---- Materials provided
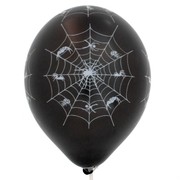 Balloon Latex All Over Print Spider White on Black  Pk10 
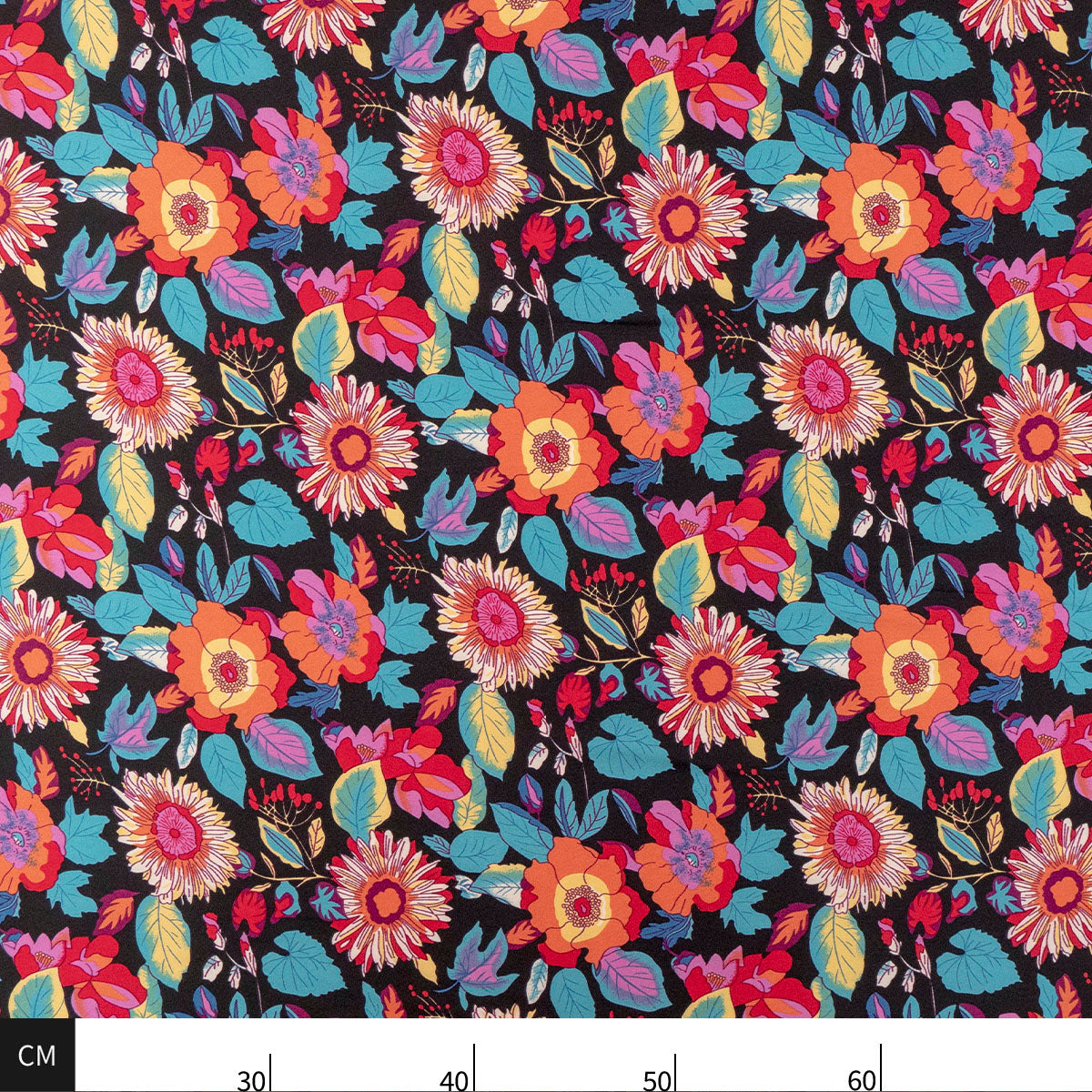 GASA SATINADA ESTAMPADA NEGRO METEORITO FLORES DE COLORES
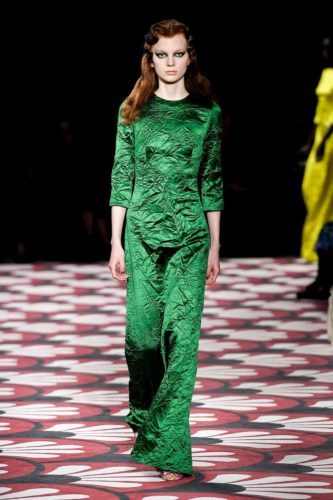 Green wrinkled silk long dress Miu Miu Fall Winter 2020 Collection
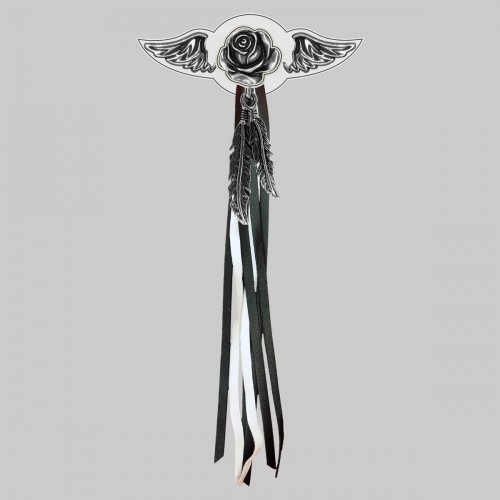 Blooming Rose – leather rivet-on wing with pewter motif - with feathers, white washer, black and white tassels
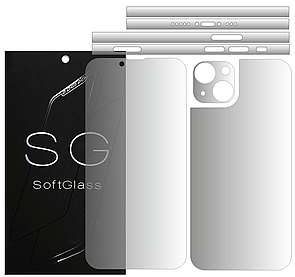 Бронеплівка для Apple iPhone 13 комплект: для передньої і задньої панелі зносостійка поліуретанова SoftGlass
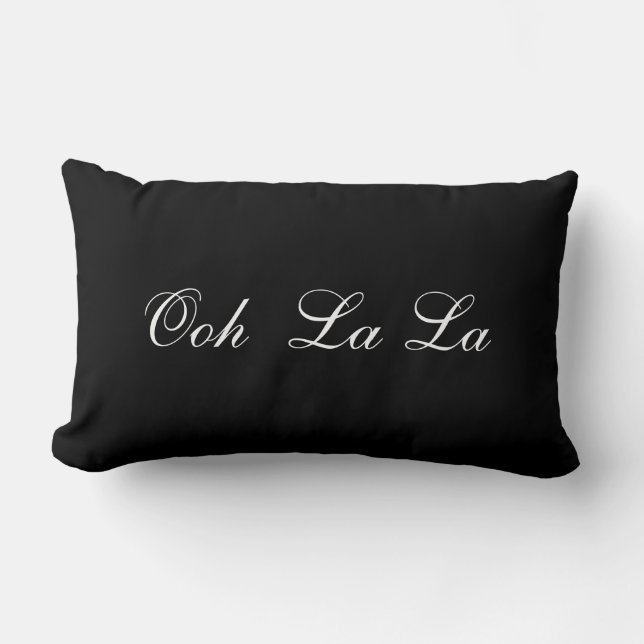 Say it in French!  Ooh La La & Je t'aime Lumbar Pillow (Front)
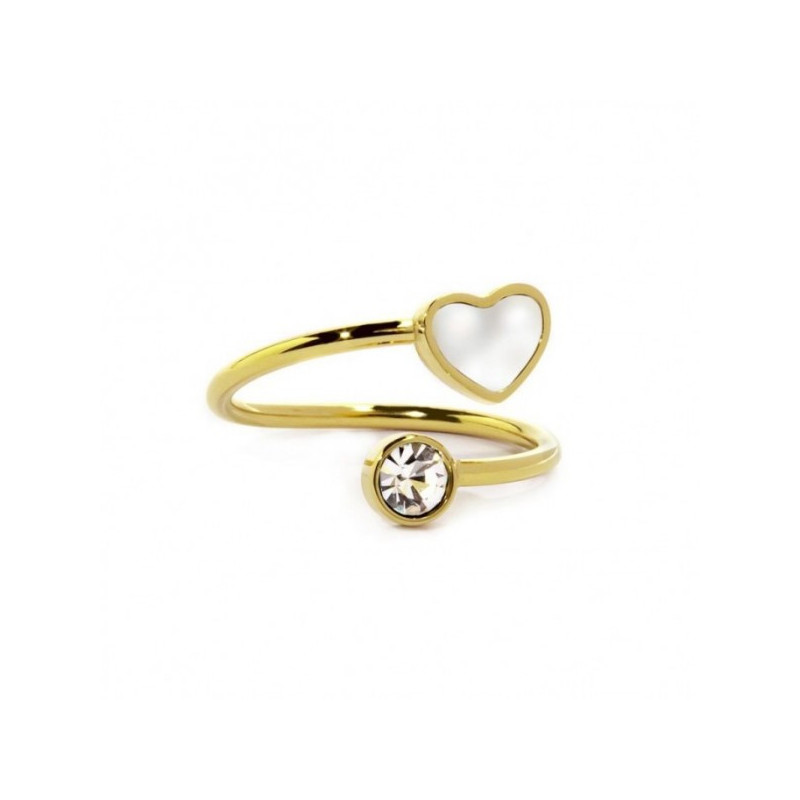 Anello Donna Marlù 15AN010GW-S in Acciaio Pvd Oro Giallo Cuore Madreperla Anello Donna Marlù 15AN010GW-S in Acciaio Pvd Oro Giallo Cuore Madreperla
--------
---- Materials provided
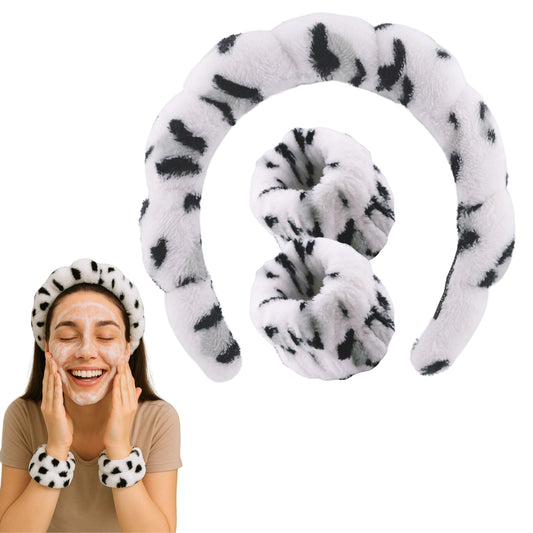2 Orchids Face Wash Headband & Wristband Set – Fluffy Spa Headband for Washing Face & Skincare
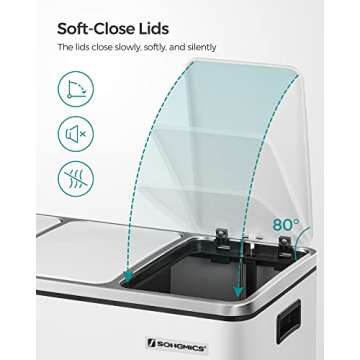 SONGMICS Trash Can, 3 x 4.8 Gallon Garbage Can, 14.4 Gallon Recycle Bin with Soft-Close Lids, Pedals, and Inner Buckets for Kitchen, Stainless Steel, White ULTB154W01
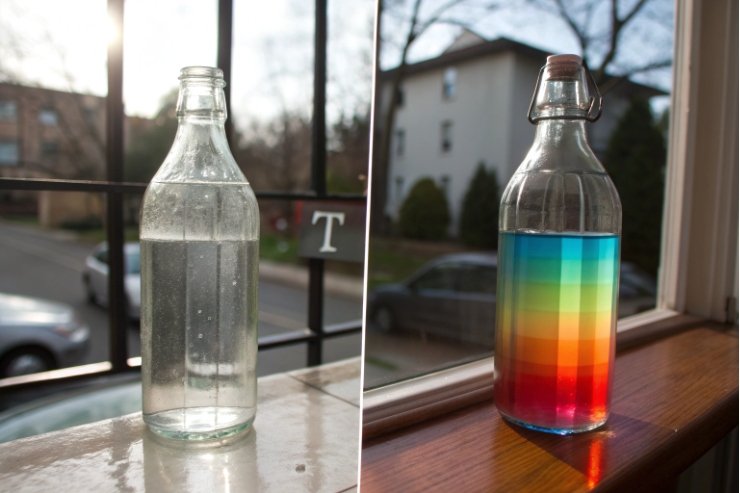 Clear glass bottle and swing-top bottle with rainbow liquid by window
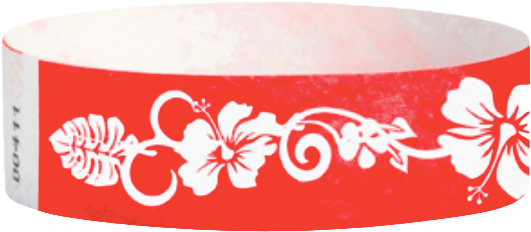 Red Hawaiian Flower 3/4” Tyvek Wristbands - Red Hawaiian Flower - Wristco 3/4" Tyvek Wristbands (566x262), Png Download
--------
Work required - Using the data above, output the line that has "Бронеплівка для Apple", the line that has "Cuore Madreperla Anello", and whatever lines fall between, each exactly as it stands and without pictures.

Exercise response -
 Бронеплівка для Apple iPhone 13 комплект: для передньої і задньої панелі зносостійка поліуретанова SoftGlass
 Say it in French!  Ooh La La & Je t'aime Lumbar Pillow (Front)
 Anello Donna Marlù 15AN010GW-S in Acciaio Pvd Oro Giallo Cuore Madreperla Anello Donna Marlù 15AN010GW-S in Acciaio Pvd Oro Giallo Cuore Madreperla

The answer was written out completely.